Penélope Cruz Bio
Penélope Cruz Sánchez, born 28 April 1974, is a Spanish actress whose career spans Spanish and English-language films. Prolific across both industries, her accolades include an Academy Award, a BAFTA Award, a David di Donatello, and three Goya Awards. She is the only Spanish actress to have won an Academy Award and to have received a star on the Hollywood Walk of Fame.
Cruz first gained attention in her native Spain during the early 1990s before expanding into Hollywood. She is widely recognized for her long-running collaborations with director Pedro Almodóvar, and she later earned global praise for her work with directors such as Woody Allen and Asghar Farhadi. Beyond film, she has built a parallel career as a fashion model and global ambassador for major brands.
Early Life and Background
Penélope Cruz was born on 28 April 1974 in Alcobendas, a town in the province of Madrid, Spain. Her mother, Encarna Sánchez, was an Andalusian hairdresser and personal manager, while her father, Eduardo Cruz, was an Extremaduran retailer and car mechanic. She has two siblings: a younger sister, Mónica Cruz, who is also an actress, and a brother, Eduardo, who became a singer. She also has a paternal half-sister named Salma. Cruz was raised Roman Catholic and spent long hours at her grandmother’s apartment while growing up in Alcobendas, later describing her childhood as happy.

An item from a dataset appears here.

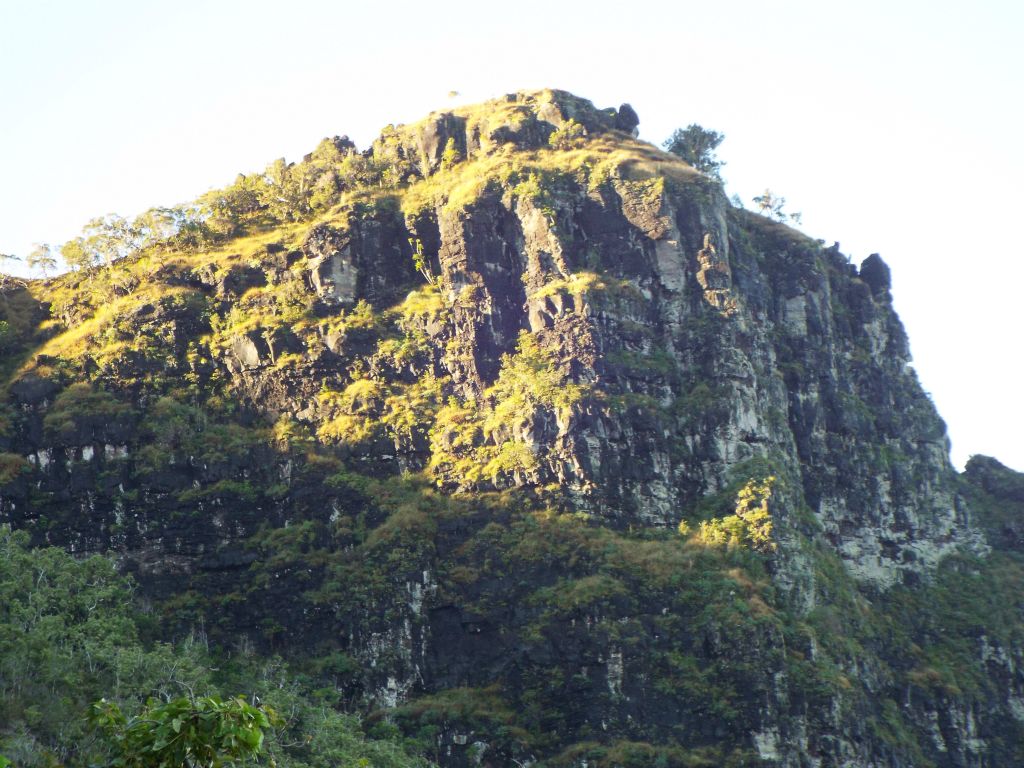 A beautifully shaped cliff high above the trail:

From an early age, Cruz focused on dance, training in classical ballet for nine years at Spain’s National Conservatory. She completed three years of Spanish ballet and four years of theatre at Cristina Rota’s school, an experience she often credited with giving her the discipline that proved essential to her later acting career. As a child, she enjoyed pretending to be different characters while playing with friends, an early sign of her future calling.

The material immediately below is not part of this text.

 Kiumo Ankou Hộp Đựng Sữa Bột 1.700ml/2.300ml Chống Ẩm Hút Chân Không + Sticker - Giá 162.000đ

As a teenager, Cruz became interested in acting after watching Pedro Almodóvar’s film Tie Me Up! Tie Me Down! (1990). She began attending casting calls, though an agent initially rejected her several times for being too young. Persistent, she returned repeatedly until, in 1989 at the age of fifteen, she won an audition at a talent agency where more than 300 other candidates had applied. That same year, her father bought a Betamax machine so the family could watch films at home, which deepened her love of cinema. Her father, Eduardo, passed away in 2015 at the age of 62 from a heart attack.
Path to Acting
Cruz made her acting debut in 1989 in the music video for the Spanish pop group Mecano’s song “La Fuerza del Destino.” Between 1990 and 1991, she hosted La Quinta Marcha, a Spanish Telecinco talk show hosted by and aimed at teenagers. In 1991, she made her feature film debut as the lead in the comedy-drama Jamón Jamón, where her portrayal of Silvia, a young expectant mother, earned her a Goya Award nomination for Best Actress and a Spanish Actors Union Newcomer Award. That same year, she appeared in the Academy Award-winning Belle Époque, establishing her as a versatile young performer.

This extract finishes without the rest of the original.